Success With Honor told Spotlight PA it has worked with over 70 student-athletes to facilitate more than 50 NIL deals across 18 sports at Penn State. In the first five months after its March launch, the group raised nearly $2 million to support Penn State student-athletes, said Jason Belzer, CEO of Student Athlete NIL, the company that manages Success With Honor.
How much are student athletes being paid?
Apart from individual news stories about high-profile deals, there is limited transparency on how much money is flowing or how that money is distributed across sports.

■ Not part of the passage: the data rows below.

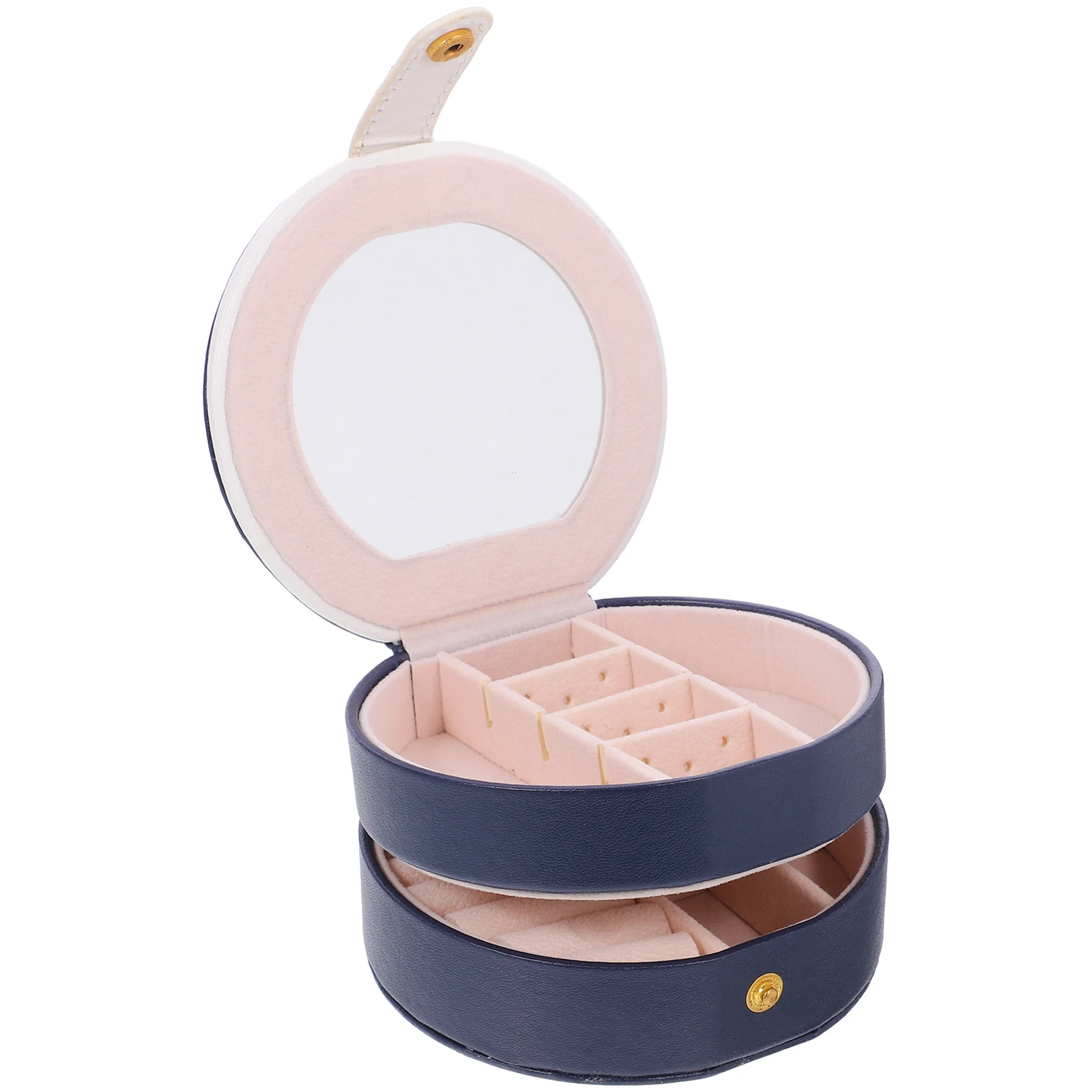 

Portable Jewelry Storage Box for Earrings Necklace Small Travel Organizer White Flannel Container Holder Case Tiny Box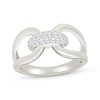 Thumbnail Image 1 of Diamond Open-Loop Ring 1/5 ct tw Sterling Silver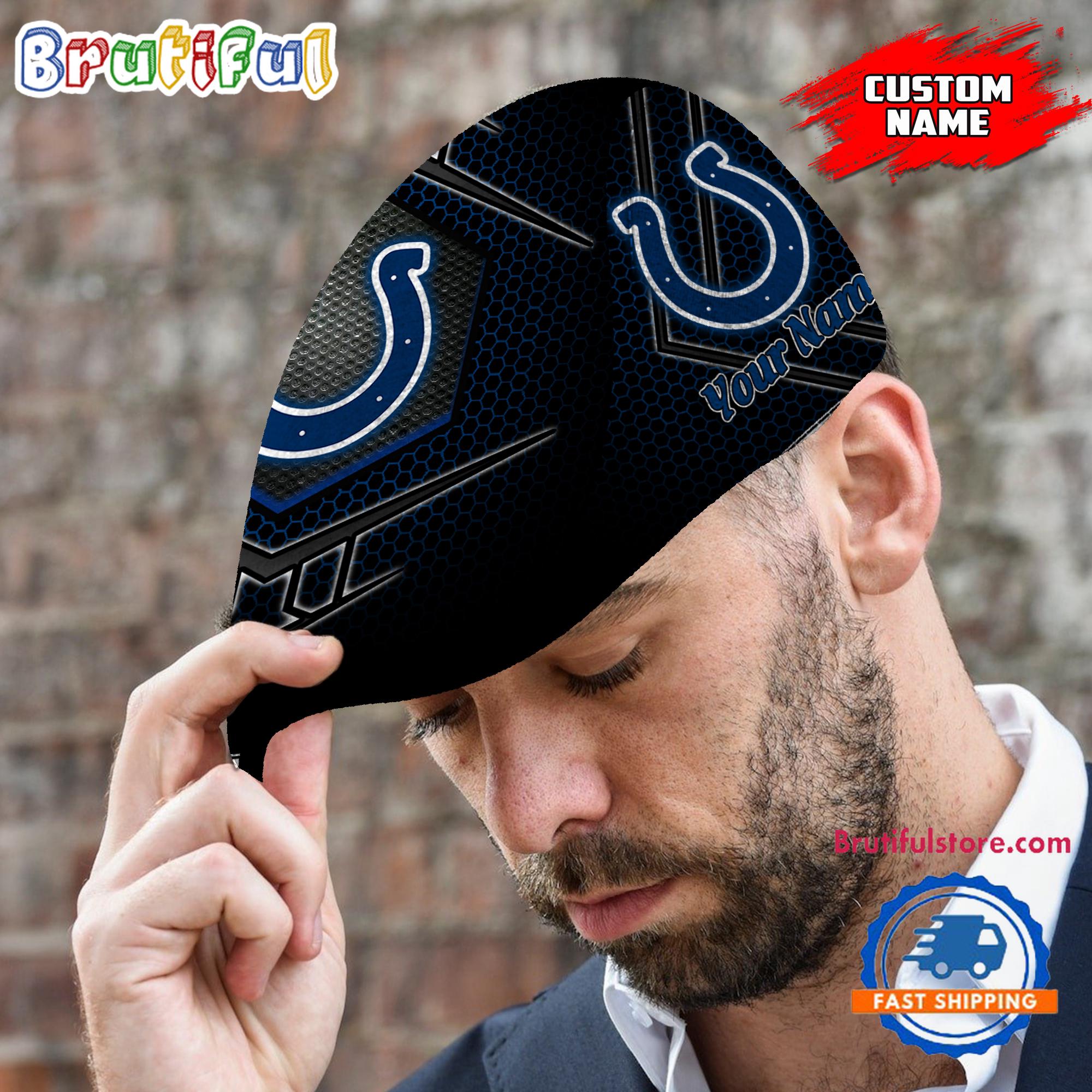 NFL Indianapolis Colts Classic Jeff Cap, Football Team Versatile Jeff Cap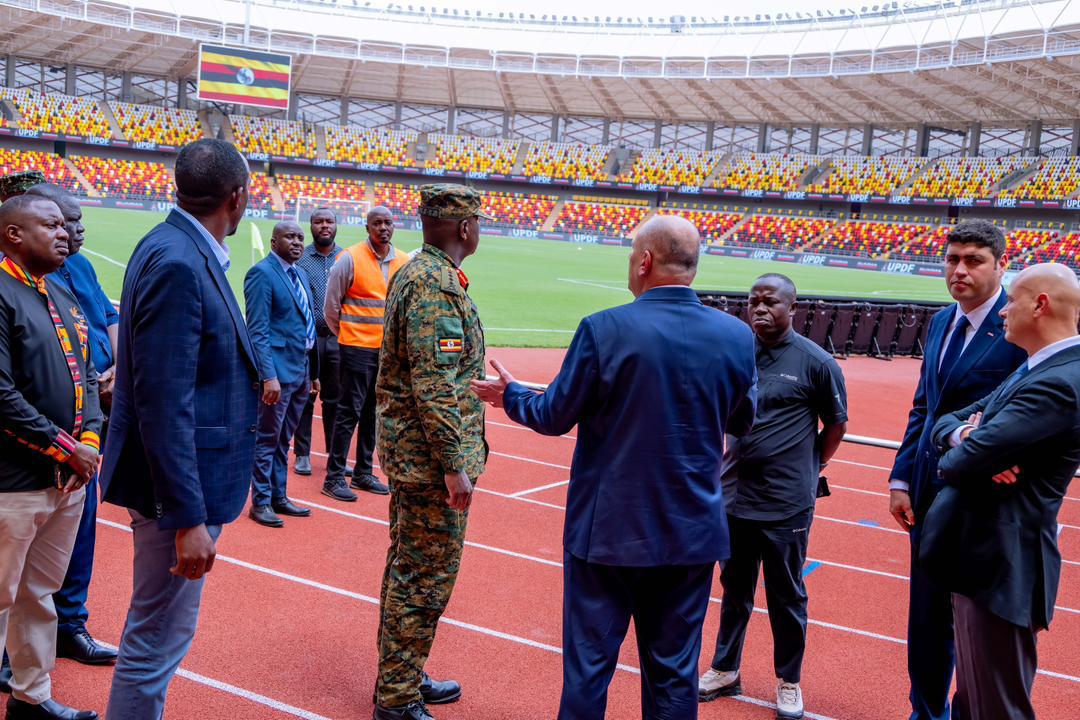Gen Muhoozi Inspects Newly Completed Hoima City Stadium
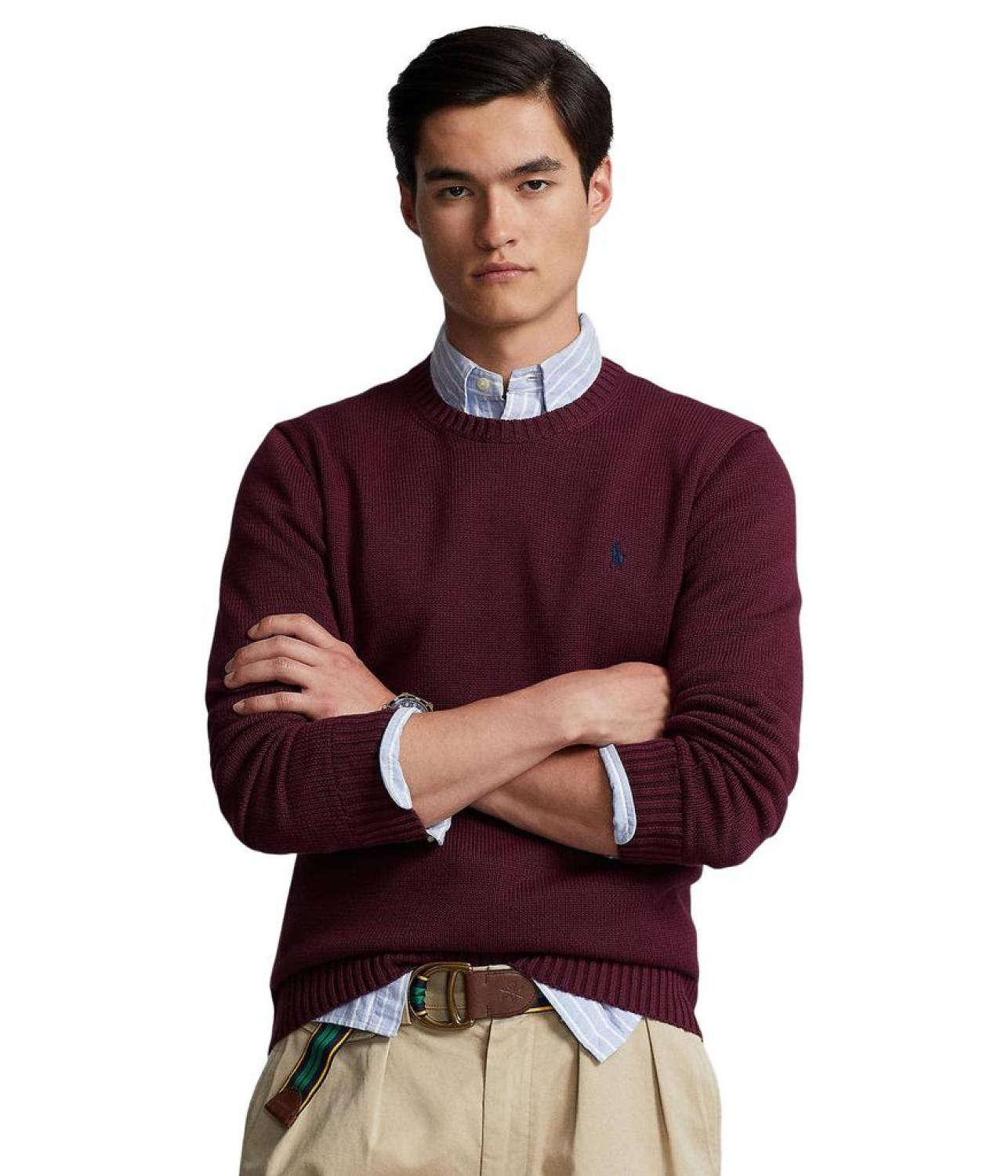 Cotton Crewneck Sweater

Penn State, like many universities, does not disclose the financial values of its students’ contracts, though Diaz described them as “wide-ranging.”
The limited data that are available come from NIL-handling platforms such as Opendorse and INFLCR, and are based on user input.
Nationwide, between July 2021 and August 2022, nearly half of all NIL money went to college football players, according to Opendorse. Nearly three-quarters of the money flowing to Division I sports went to male student-athletes. The average compensation for a Division I student-athlete was $3,063, compared to $709 for a Division II student-athlete and $868 for a Division III student-athlete, according to the website.
Those numbers don’t describe the entire NIL picture, however, because Opendorse only reports data from contracts submitted through its platform. And a few high-paid student-athletes can throw off the averages, said Michelle Meyer, NIL coordinator at San Diego State University and founder of NIL Network.
At the same time, Opendorse’s CEO told Yahoo he believes 80% of NIL deals are going unreported to schools. Not reporting deals could allow athletes or university supporters to skirt basic NIL regulations, such as paying athletes to attend a particular school.